In a sign of change, one of the Southern Cameroon’s most powerful religious figures, the Synod Clerk of the Presbyterian Church in Cameroon has called for the resistance to continue. Some traditional leaders have backed the Consortium and are calling for foreign intervention.
“There’s a line in the sand that has to be drawn,” revealed a prominent Anglophone elite based in Buea in the South West region. The Consortium is urging Southern Cameroonians not to send their children to school and to respect the civil disobedience campaign which begins on Monday the 23rd of January.
The African Union has expressed concerns through its human rights commission on the situation in Southern Cameroons.

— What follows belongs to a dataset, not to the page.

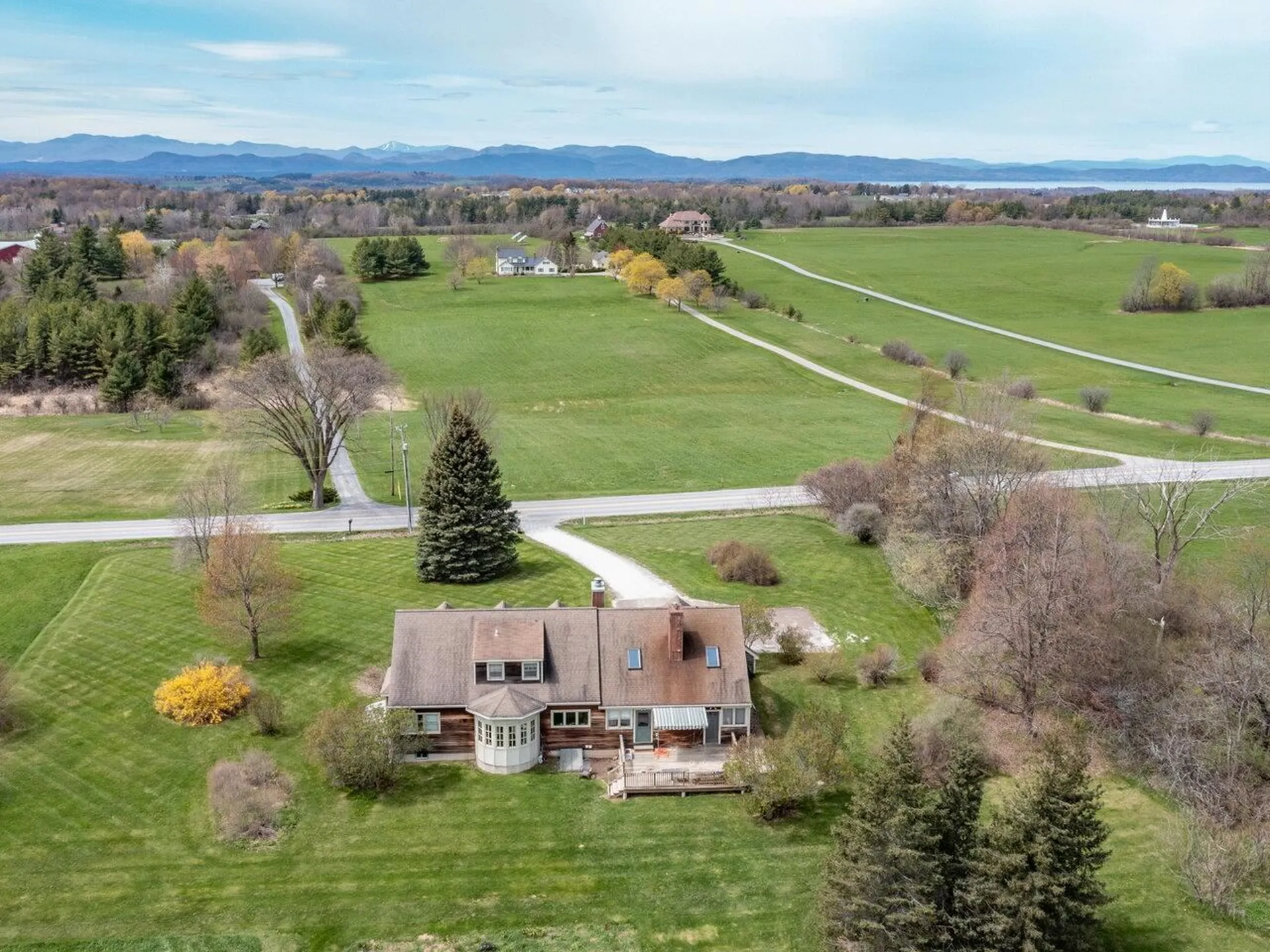 5283 Dorset Street Shelburne VT 05482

In a statement released late last night, the Cameroon Anglophone Civil Society Consortium called on those in the Diaspora to make at least a phone call to their family members back home not to allow their kids to go to school.
By Rita Akana in Buea
21, January 2017
Southern Cameroons Problem: Anglophone University Lecturers are for the deprived and marginalized 1
THE POSITION OF THE NATIONAL UNION OF TEACHERS OF HIGHER EDUCATION (SYNES) UNIVERSITY OF BUEA
Dear Anglophone University Teachers,
It is typically Anglophone for intellectuals to stand up or speak for the deprived or marginalized. Their role as torch bearer is even more urgent when we witness the scale of injustice that has pervaded our society and pushed Anglophones to the fringes of our society. How can we sit quiet when the students who go through our educational system have no place in a country they rightly think is theirs too. They are not fit to enter even the professional schools they think were created to serve their interest because everything requires that they know someone or have money. The fact that students who go through our system with 20, 21, 22, 23, 24 or even 25 points in the GCE A/L cannot enter Medical School in UB or UBa is inexcusable. This, and a long list of other grievances pushed ALL Anglophone teachers to go on strike after they had been ignored for 10 months.
I will like to thank ALL Anglophone teachers and parents for saying “ENOUGH” to a system which insults us and our children and makes us to feel like strangers in our own home. We would also like to thank our Francophone counterparts who have stood by us and believed in the need for justice for children who go through our system of education. May I also thank our students for understanding that our goal is no less than to give them equal chances in a bi-cultural, bilingual and bi-jural Cameroon. They have well behaved so far; they stayed at home and have not yielded to any provocation.
It is, however, shameful that some intellectuals, at this critical moment in history, some of them retired professors, can still afford the shameful option of thinking that they can continue to protect their “garri” at the expense of the people’s aspirations. The press is not surprising, but it is a needless distraction and shameless expression of their appetite for impunity.
May I reiterate that the strike continues until we are given a definite solution to this beggarly life that has been imposed on us and our children. We are working in synergy with other Anglophone teacher unions and will stop at nothing to obtain fair treatment for Anglophones in Cameroon. The teachers are still on strike and we will inform students when the issues have been resolved satisfactorily.
Once again, we salute your massive support and determination to make a date with history.